--- Jon Noring <jon@noring.name> wrote:
1) There are scan sets all over the place, in various resolutions, color depths, quality, and completeness. (The variation in file size between sets will be significant.)
Take them as they are, or request certain standards for submitters. I'd lean towards the former for now, even though it might mean work later on.
2) Some to many scan sets comprise various derivative subsets (e.g., the original scans, a cleaned up set, etc.)
Every processing operation loses information. So, I'd suggest keeping original scans for archival and fully cleaned scans for viewing (I usually keep both around, although if the cleaning is entirely expressed in a series of shell scripts, with no human intervention, I'll just keep the originals and regenerate the cleans when necessary).
3) Many if not most scan sets have no external metadata.
I don't see this as a huge issue. I try to have png numbers match page numbers, but sometimes this causes problems (DP is fine with it; guiguts not so much so in some cases). You can leave it as a big blob for people to rifle through (like paper) or set up a simple workflow for capturing it. I'd say KISS for now, though. (Bonus: some of the metadata capturing code might be useful to dp in the future if handled carefully and with luck ;) )

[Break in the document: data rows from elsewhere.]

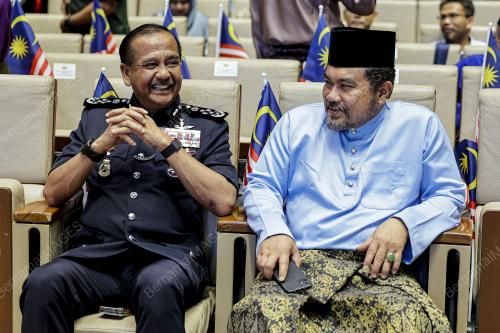 TAN SRI RAZARUDIN HUSAIN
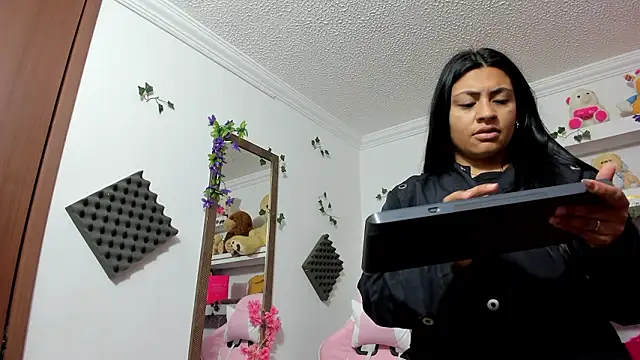 maira diazz online show from February 9, 2026, 12:09 pm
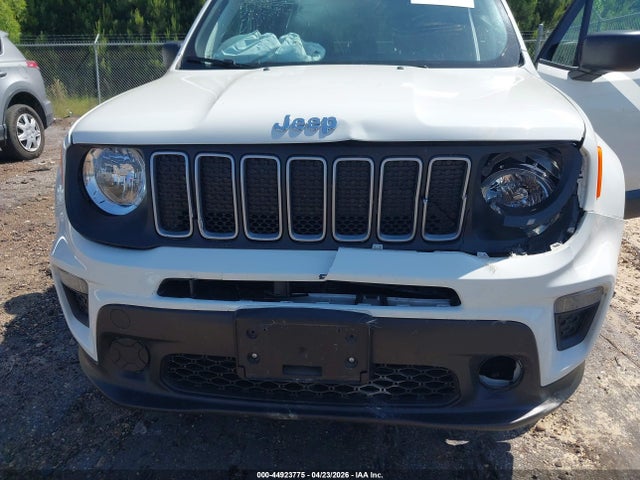 2023 Jeep Renegade Latitude 4x4 მანქანა იყიდება აუქციონზე, vin: ZACNJDB18PPP70478, აუქციონის ნომერი: 44923775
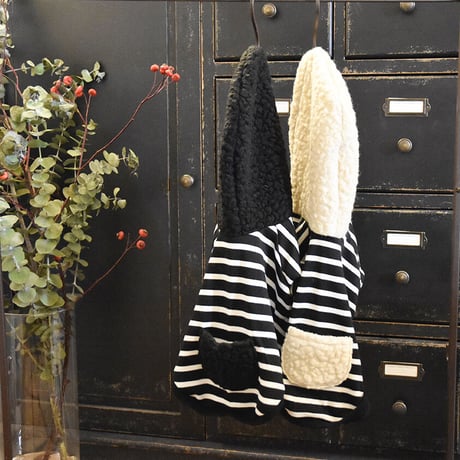 ユニセックス！黒白ボーダーのボアパーカー（2色展開）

4) Some scan sets we acquire may have license encumberances not allowing them to be accessible to the general public.
I'd say leave 'em out.
5) There is likely to be interest by some outside of PG/DP to contribute scans of public domain texts to the raw archive.
Sure, why not? As long as we're allowed to use them later and produce PG texts as well ^^ Another way to attract content.
7) When the scans are stored, do we zip each set/subset up, or keep each page scan separate?
A simple zip of all scans would be useful, easy, and eliminate a lot of the metadata requirement. One can always add code for online viewing later.
8) What are our space requirements, for now and in the future?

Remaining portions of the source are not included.